Seniors advance to final round of international math competition


By Audrey Kim, Staff Reporter

After 14 hours of math modeling, a group of Conestoga students advanced to the final round of the MathWorks Math Modeling Challenge (M3 Challenge), surpassing thousands of 11th and 12th graders from around the world. Seniors James Johnson, Evan Lu, Daniel Tu, Vincent Yao and Evelyn Yu underwent two prior assessments; the first one was an online portion that took place in early March.

Mathematical modeling is the process in which math structures, such as graphs, equations and diagrams, are used to predict specific situations. Math modeling helps create answers to problems and guides decision making. The M3 Challenge awards $100,000 in scholarship prizes to winning teams that create the best solutions to the given problems.

“It’s 14 hours of good math,” Yao said. “We didn’t really study too much, and it was all very relaxed, but we tried our best. We all had a strong background in statistics and mathematical modeling. A lot of us knew how to code as well, so that helped.”

This year, the competition tasked students with a three-part problem. First, they had to create a model of e-bike sales, estimating two years and five years in the future. The second and third tasks were analyzing what factors pushed people to use e-bikes and their lasting impact, such as carbon emissions and traffic congestion.

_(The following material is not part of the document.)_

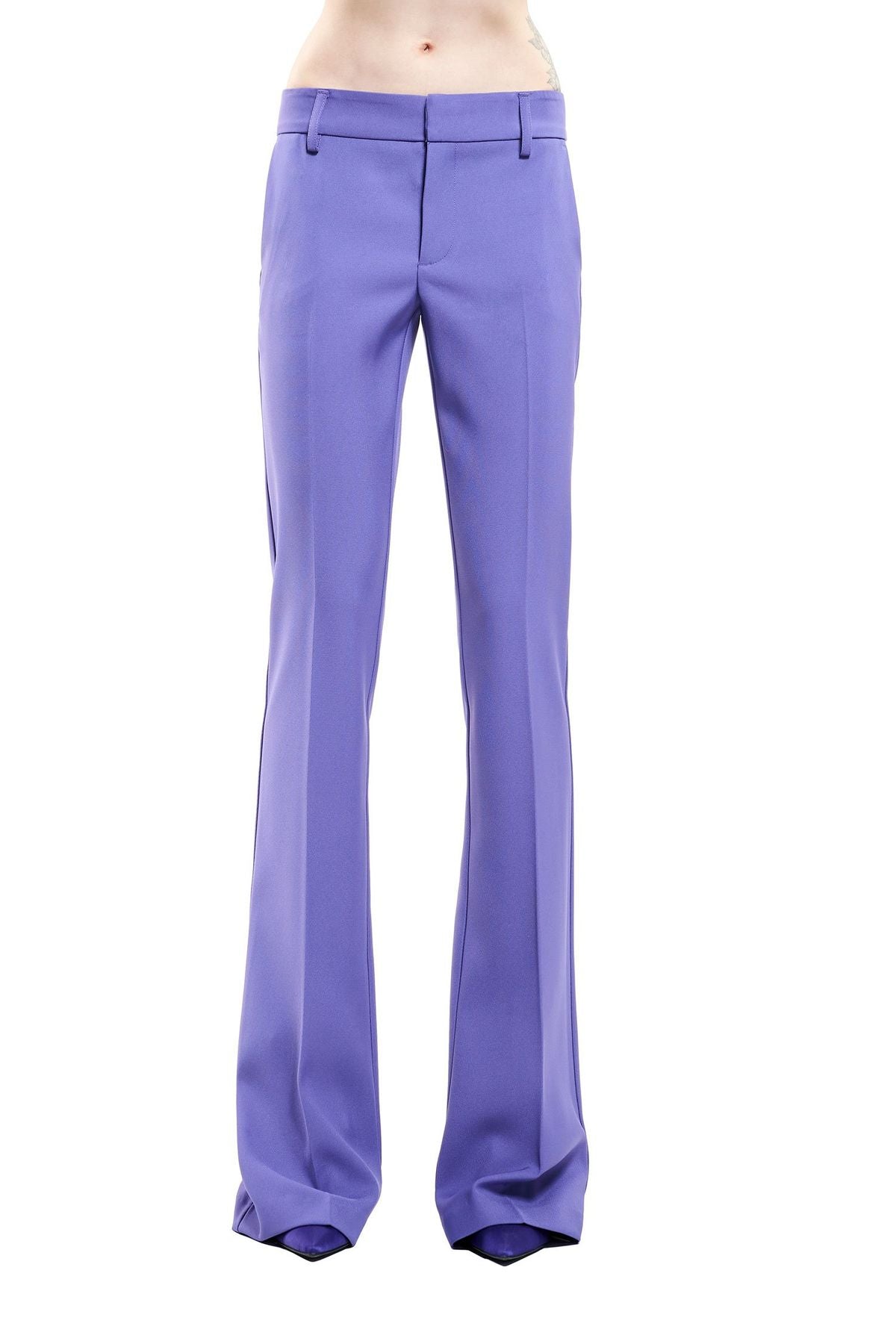 Pantaloni Lore Aniye By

“Traditional math competitions are a lot like doing crosswords, but the M3 competition is more like writing a book,” Yu said. “It’s a real world problem and you have to apply real-world knowledge to it. It’s much more statistical in nature, and it’s not about what quirky things you can do to play with numbers. It’s more applied, whereas traditional math competitions have been much more pure math-based.”

The final live judging round was in New York City on April 24. The finalist teams presented their answers to the judges from the prior online portion. Jane Street, a trading firm, hosted the competition and also gave the students a tour of its facilities.

“We didn’t really expect anything out of (the competition)and we were really surprised when we were notified that we went on to the second round,” Johnson said. “I was definitely a little nervous before we were presenting and when we were on stage. There’s no way that any of us could have done this ourselves. We all brought to the table different math backgrounds, and it made the experience much more fun as well.”

Conestoga’s team ended up placing top six in the country and won a $5,000 prize.

“I was just there with a ton of other really accomplished people,” Yu said. “That was insane. It was awesome but also kind of scary to meet people who had done so much with their lives. They were all gas, no breaks and meeting people was just really cool.”